Centre for Independent Studies
- Other name: CIS
- Founder: Greg Lindsay
- Established: 1976; 50 years ago
- Executive Director: Tom Switzer
- Address: 131 Macquarie Street, Sydney City
- Location: Sydney, New South Wales, Australia
- Website: www.cis.org.au

= Centre for Independent Studies =

Australian think tank

The Centre for Independent Studies (CIS) is an Australian think tank founded in 1976 by Greg Lindsay. The CIS specialises in public policy research and publishes material in areas such as economics, education, culture and foreign policy. Although there are no explicit ties between the CIS and the centre-right Liberal Party, the CIS is politically aligned with the Liberal Party, praising Liberal Party founder Robert Menzies, hosting various Liberal Party politicians and holding very critical views of the Labor Party.

==Philosophy==
The CIS describes itself as a "classical liberal think tank".

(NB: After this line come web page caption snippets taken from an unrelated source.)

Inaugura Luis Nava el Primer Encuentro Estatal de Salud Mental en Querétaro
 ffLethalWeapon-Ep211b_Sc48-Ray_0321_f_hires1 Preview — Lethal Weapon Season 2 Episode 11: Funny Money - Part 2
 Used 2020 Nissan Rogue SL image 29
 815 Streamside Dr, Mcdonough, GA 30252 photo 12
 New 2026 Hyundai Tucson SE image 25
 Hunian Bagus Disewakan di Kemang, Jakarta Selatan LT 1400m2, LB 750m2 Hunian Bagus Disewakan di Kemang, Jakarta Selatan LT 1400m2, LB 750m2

CIS is affiliated with the United States–based Atlas Network, which advocates free market economic policies across the world.

It has criticised some of the Liberal Party's policies.

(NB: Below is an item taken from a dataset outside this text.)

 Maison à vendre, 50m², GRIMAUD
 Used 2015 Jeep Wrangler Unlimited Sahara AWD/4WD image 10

==Sexual harassment controversy==
In August 2025, the Sydney Morning Herald revealed that former Centre for Independent Studies (CIS) marketing and research analyst Emilie Dye had filed a complaint with the Fair Work Commission alleging that former executive director Tom Switzer had "rubbed her leg," told her she had a "great arse," described himself as "a very sexual guy" during a night out in March 2025, and proposed a threesome with another young female colleague.

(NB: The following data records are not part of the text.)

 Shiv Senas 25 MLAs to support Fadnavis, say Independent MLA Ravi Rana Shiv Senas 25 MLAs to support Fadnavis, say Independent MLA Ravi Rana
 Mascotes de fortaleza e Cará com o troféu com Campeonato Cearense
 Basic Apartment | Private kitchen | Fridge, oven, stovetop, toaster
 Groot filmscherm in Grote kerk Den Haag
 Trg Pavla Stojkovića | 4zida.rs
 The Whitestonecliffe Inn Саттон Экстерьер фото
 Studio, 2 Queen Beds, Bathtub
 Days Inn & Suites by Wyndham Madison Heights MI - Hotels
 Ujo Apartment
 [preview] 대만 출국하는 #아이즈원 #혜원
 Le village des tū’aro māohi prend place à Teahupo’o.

Dye also alleged that CIS engaged in retaliatory conduct after she refused to sign a non-disclosure agreement, including launching an internal investigation into her own workplace behaviour. Switzer denied all allegations, claiming CCTV footage from the venue would clear him. However, a subsequent report revealed that Dye was never informed of the footage's existence, despite CIS staff and Switzer viewing it shortly after the incident.

Newly appointed executive director Michael Stutchbury initially resisted calls to dismiss Switzer, stating that CIS would await the outcome of the Fair Work Commission mediation process. Following mounting media scrutiny, criticism of CIS's handling of the complaint, and the withdrawal of the housing advocacy group Sydney YIMBY from a planned CIS event with NSW Premier Chris Minns, Stutchbury and the CIS board accepted Switzer's resignation on 2 September 2025.

On September 5, 2025, the Fair Work Commission case was resolved and CIS issued a joint statement which included an apology to Dye. The Australian Financial Review reported that the combined payout and legal costs associated with the dispute cost the organisation approximately $500,000.

=== Funding ===
The Centre for Independent Studies states that it is funded by donations, memberships, and event revenue and "does not accept government funding".

However, in 2020 the Sydney Morning Herald revealed that the Reserve Bank of Australia (RBA) had been paying $20,000 a year to the CIS and the Sydney Institute since the early 2000s to support public policy research and events. RBA governor Philip Lowe said the bank provided funding to independent, not-for-profit institutions contributing to policy debates relevant to its mandate, but critics argued the arrangement undermined the CIS's claim of avoiding government funding.

==Staff==
Tom Switzer was executive director of CIS from 2018 to 2025, succeeding founder Greg Lindsay who had held the position for forty-two years. On September 1 2025 Switzer stepped down as a senior fellow after he was accused of sexually harassing a staff member. In 2019, Nicholas Moore was appointed chairman of the CIS board, succeeding Peter Mason.

Notable individuals in the research staff include Steven Schwartz.